Document RAG
============

In addition to the audio→topics pipeline, AutoRAG exposes a generic
document retrieval-augmented generation flow:

.. code-block:: python

    from autorag import AutoRAG

    rag = AutoRAG()
    rag.ingest(["./notes", "./design-docs"])
    answer = rag.query("What did we decide about retries?", top_k=5)
    print(answer)

The flow:

1. :func:`autorag.ingest.load_documents` reads each path into a
   :class:`~autorag.schemas.Document`.
2. :func:`autorag.ingest.chunk_document` splits each document into
   overlapping :class:`~autorag.schemas.Chunk` records sized by
   :attr:`Settings.chunk_size <autorag.config.Settings.chunk_size>` /
   :attr:`Settings.chunk_overlap <autorag.config.Settings.chunk_overlap>`.
3. :class:`autorag.embed.Embedder` calls Ollama
   (``nomic-embed-text`` by default) and writes the resulting vectors
   into each chunk.
4. A :class:`autorag.store.VectorStore` persists them.
5. At query time, :class:`autorag.retrieve.Retriever` embeds the
   question and pulls the ``top_k`` nearest chunks.
6. :class:`autorag.generate.Generator` assembles a context-grounded
   prompt and returns an answer string.

Configuration
-------------

The defaults live on :class:`autorag.config.Settings` and can be
overridden via environment variables (all prefixed with
``AUTORAG_``):

.. list-table::
   :header-rows: 1
   :widths: 25 15 60

   * - Setting
     - Default
     - Env var
   * - ``chunk_size``
     - 1000
     - ``AUTORAG_CHUNK_SIZE``
   * - ``chunk_overlap``
     - 200
     - ``AUTORAG_CHUNK_OVERLAP``
   * - ``top_k``
     - 5
     - ``AUTORAG_TOP_K``
   * - ``db_path``
     - ``~/.autorag/autorag.db``
     - ``AUTORAG_DB_PATH``

Status
------

The RAG pipeline modules (``ingest``, ``store``, ``generate``,
``retrieve``) ship as stub interfaces.

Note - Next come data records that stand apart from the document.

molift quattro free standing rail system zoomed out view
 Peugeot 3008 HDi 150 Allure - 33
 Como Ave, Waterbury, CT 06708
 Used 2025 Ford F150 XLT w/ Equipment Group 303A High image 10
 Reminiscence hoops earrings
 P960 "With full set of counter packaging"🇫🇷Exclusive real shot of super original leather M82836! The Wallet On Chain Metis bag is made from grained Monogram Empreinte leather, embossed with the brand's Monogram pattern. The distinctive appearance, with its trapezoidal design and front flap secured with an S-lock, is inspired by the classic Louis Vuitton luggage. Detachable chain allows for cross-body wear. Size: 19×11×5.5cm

The audio→topics pipeline is
fully implemented; the document-RAG side is the natural place to plug
in your own loaders and vector store.

The CLI commands ``autorag ingest`` and ``autorag query`` are wired up
to the SDK so a backend swap surfaces through the CLI and HTTP API
without further changes.